Prayers for beloved Paris icon
It's not often sunny in Paris, but people still love to walk along the banks of the Seine. They love the view of the city's old buildings, especially Notre Dame Cathedral, with its iconic spire.
Unfortunately, that view has been forever changed. On April 16, a fire destroyed the spire of the 850-year-old cathedral, and two-thirds of the roof.
The fire shocked and saddened Parisians. Citizens gathered around the giant church, singing hymns and praying for the hundreds of firefighters who fought the flames.
"The significance of Notre Dame, not only to Catholics but to all Parisians, cannot be underestimated," wrote French author Bernard-Henri Levy. "For many in France, it's more than a house of worship. It's a symbol of French culture, architecture and history."
It's no wonder that people felt sad. The church itself, after all, is a historical and artistic treasure.

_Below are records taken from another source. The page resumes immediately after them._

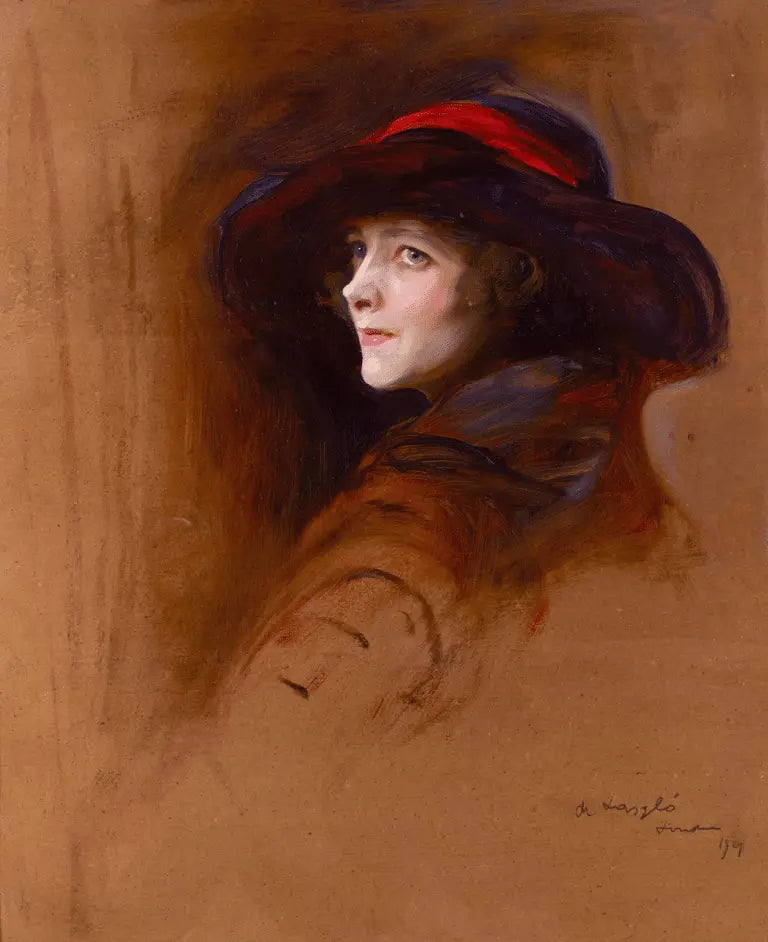 Philip de Laszlo - Portrait of Marion Johnson, oil on board, 20th century - Darnley Fine Art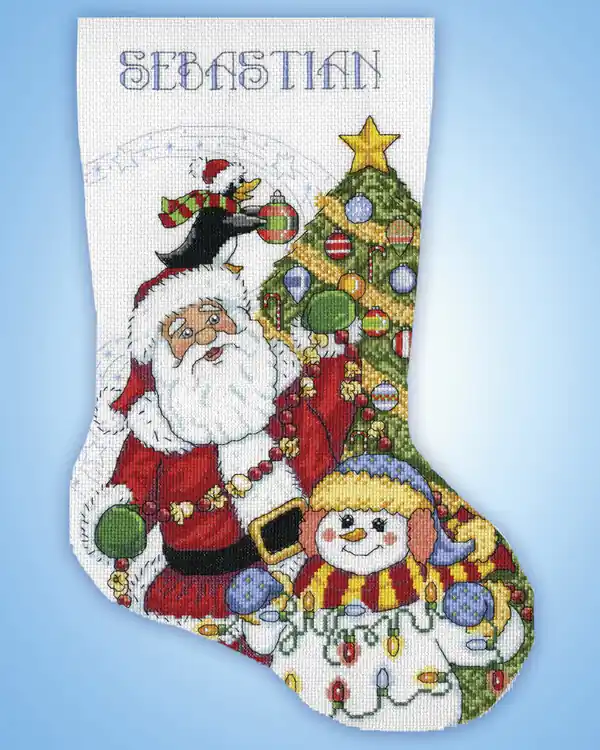 Nur Heute Stickpackung Weihnachtsstrumpf Schmücke den Baum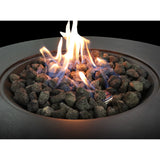 English Elm 11" H X 30" W Fiber Reinforced Concrete Propane Gas Outdoor Fire Pit Table With Lid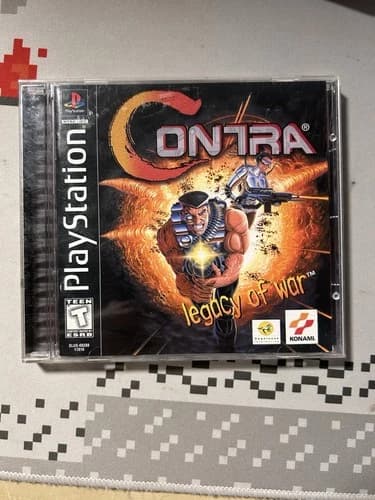Contra: Legacy of War (Sony PlayStation 1 PS1, 1996) Complete W/ Manual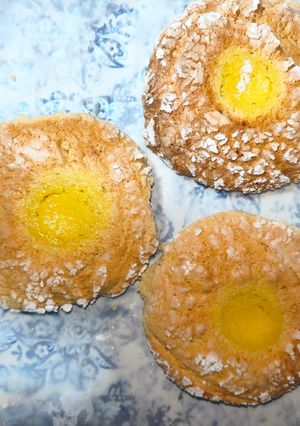 Una foto de Galletas craqueladas de limón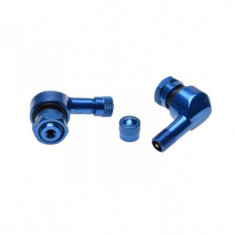 Set 2 valve demontabile roata moto, culoare albastru Cod Produs: MX_NEW ASOT418E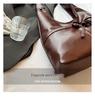 Autumn 2025 Women's High-End Soft Leather Tote Bag - Fashionable Single Shoulder Underarm Commuter Bag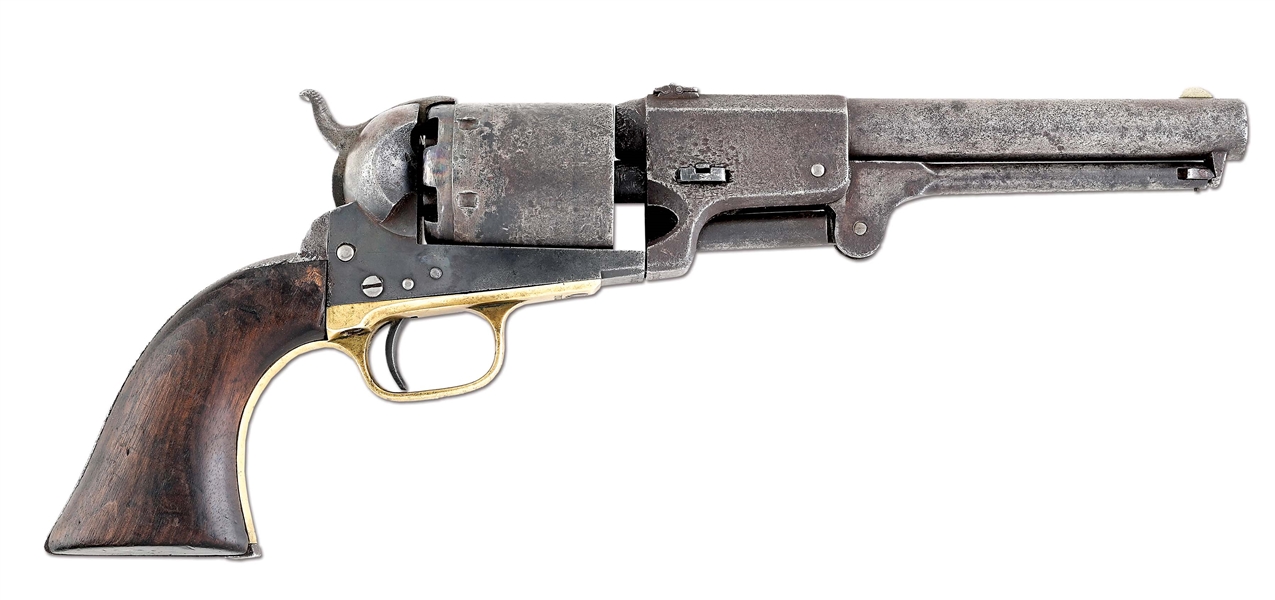 (A) EXTREMELY RARE CONFEDERATE "C.L. DRAGOONS" MARKED COLT THIRD MODEL DRAGOON.
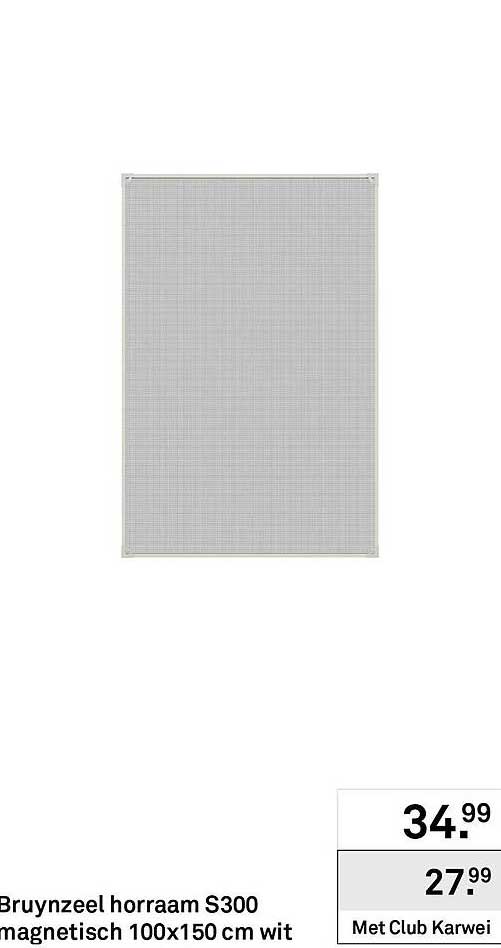 Bruynzeel horraam S300 magnetisch 100x150 cm wit
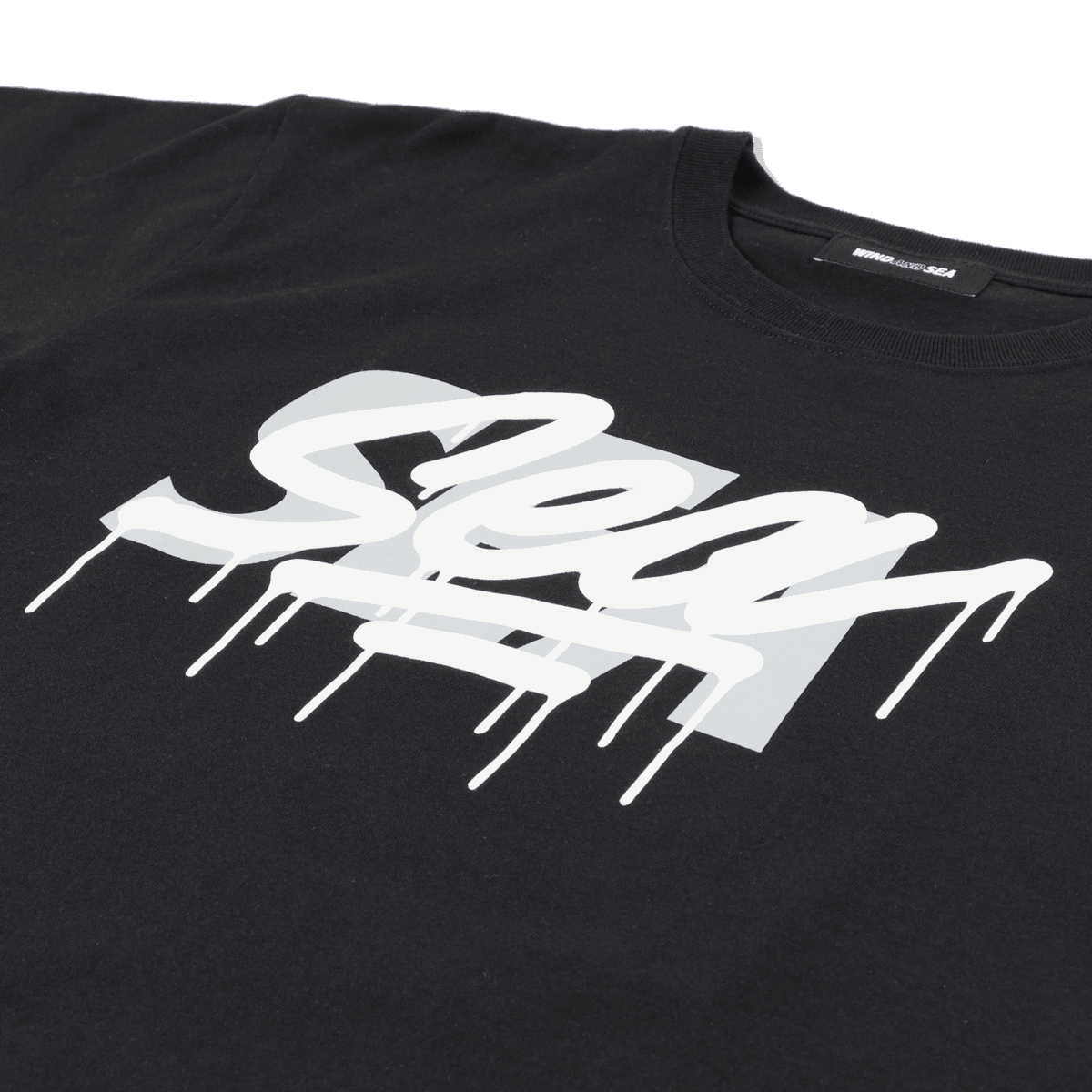 WDS x CASETiFY T-shirt Triple Name Main Logo Black L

Built in 1163, it is one of the first Gothic cathedrals to have arched exterior supports, known as "flying buttresses". It also combined Gothic art with Christian architecture. After Notre Dame, churches throughout Europe were built taller and looked more awesome.
The church is also home to many religious artifacts, paintings and sculptures. Luckily, its world-famous stained glass rose windows survived the fire. These windows are made of many small panes and feature various Christian images.
Also safe are most of the church's holy relics. The French Minister of Culture Franck Riester said that the crown of thorns and tunic of Saint Louis, who was King of France from 1226 until 1270, are safe in Paris City Hall.
Despite its long history and many treasures, the cathedral needed the help of a writer to become truly famous. Victor Hugo's 1831 novel, The Hunchback of Notre-Dame, presented the building to a wide audience of readers. The book's ugly lead character, Quasimodo, serves as a symbol for Paris' forgotten Gothic architecture. Hugo wrote the book to remind people of it, with hope they would work to protect the beautiful old buildings of Paris.
French President Emmanuel Macron has promised to reconstruct the historic building. "Notre Dame is our history, it's our literature, it's our imagery," he said in a public speech following the fire.